Overall my experience while doing this assignment was challenging as well as great.
While i was doing this program,i was practically experiencing the most famous English Idiom ‘Don’t judge a book by its cover’. After reading the question for the first time i felt whooe now i just need to reverse the file contents but by looking at the program constraints my mind started to look for answers and different approaches.
The Constraints are as follows:-
- Test with very large inputs files, e.g. 5GB.
- The program should be robust in that it should be independent of the file size. The memory requirements should be more or less same for input files of varying sizes 1 KB, 5 KB, or 5 GB
- Also give memory and speed reading for 1 GB, 5 GB.
I was able to learn different things like internal working, functions, Unix Commands, Naming Conventions and debugging methods which i will be showcasing in the coming lines.
The first thing while doing the program was to create a text file which is of the size 5gb.
For doing that this is something that i did and was able to generate the file.
#include <stdio.h>
int main()
{
FILE *fp=NULL;
long int size=0;
int i,n;
fp=fopen("1gb.txt","w");
/*for(i=0;i<=9999999;i++)
fputs("1 My name is ktgn 2 This is 2 This is a 1 gb file",fp);
fclose(fp);
return 0;
}
There are other approaches also of which one is using UNIX command ‘cat’ which helps in merging the files.
So if you have a 1gb file and you need to generate a 5 gb file just type this
cat 1gb.txt 1gb.txt 1gb.txt 1gb.txt 1gb.txt > 5gb.txt
The next thing is finding the size of input file
Use ‘stat’ function as used below
#include <stdio.h>
#include <sys/stat.h>
int main()
{
int n;
struct stat st;
stat("1gb.txt", &st);
n=st.st_size;
printf("%d",n);
return 0;
}
One way of doing that is using UNIX command which is shown in the below block
ls -l filename
My first way of doing the code was using fseek()
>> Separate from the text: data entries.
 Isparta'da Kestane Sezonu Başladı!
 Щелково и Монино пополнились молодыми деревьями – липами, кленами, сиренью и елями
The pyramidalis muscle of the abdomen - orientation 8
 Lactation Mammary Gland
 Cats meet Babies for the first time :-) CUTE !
What fseek() does is that it helps us to move the file pointer position to a given location.
Syntax:int fseek(FILE *pointer, long int offset, int position)
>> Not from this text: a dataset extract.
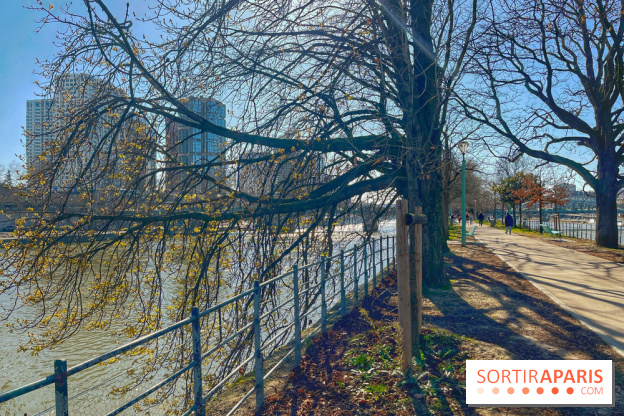Île aux Cygnes - IMG 9071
where position provides us 3 options those are
SEEK_END : It denotes end of the file.
SEEK_SET : It denotes starting of the file.
SEEK_CUR : It denotes file pointer’s current position.
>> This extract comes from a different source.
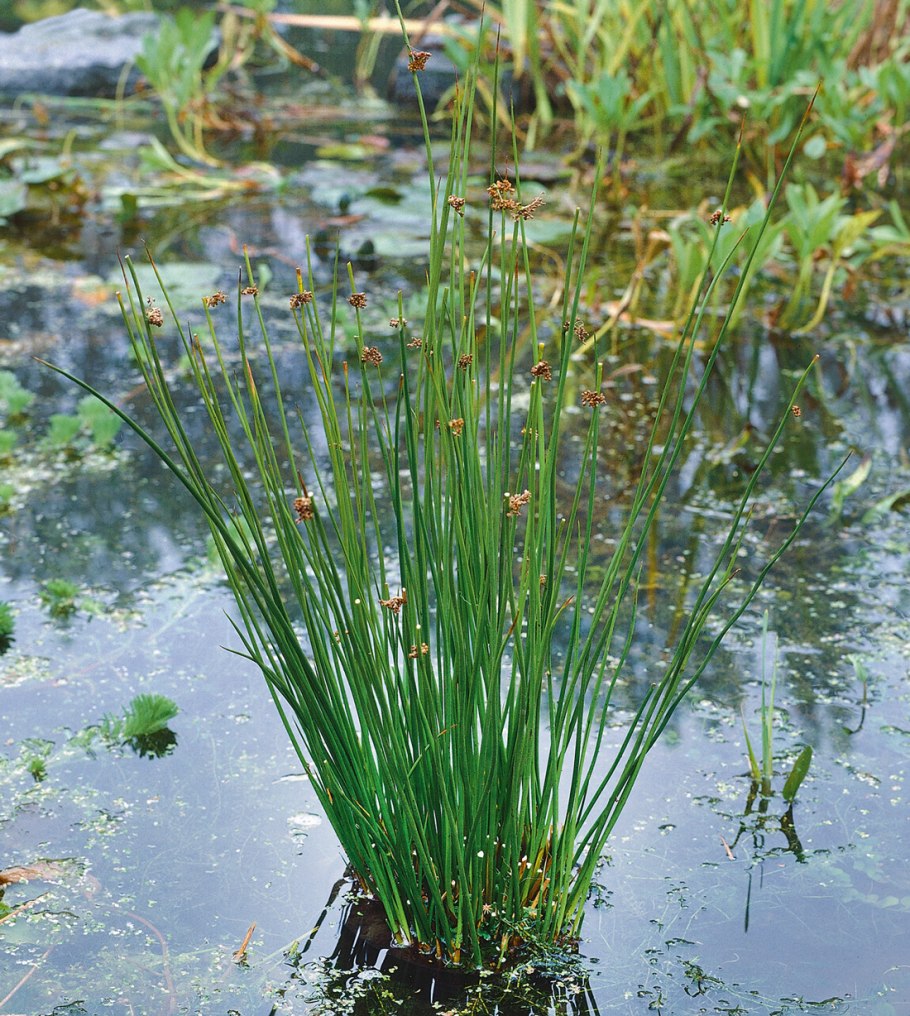 Ситник мечелистный (Juncus ensifolius)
For creating temporary file when doing my final approach i used sprintf() so that i can get different file name sequentially.
When i had finished coding i realized that making the code in a readable format is also necessary so that when in future some guy looks into your code he should be able to understand it quickly instead of having doubts.
-
So to make that happen i changed the names of the variables from my code like for example int n was changed to int file_size because the variables actual function is to store the file size.
-
Next is to avoid all unwanted tabs, spaces.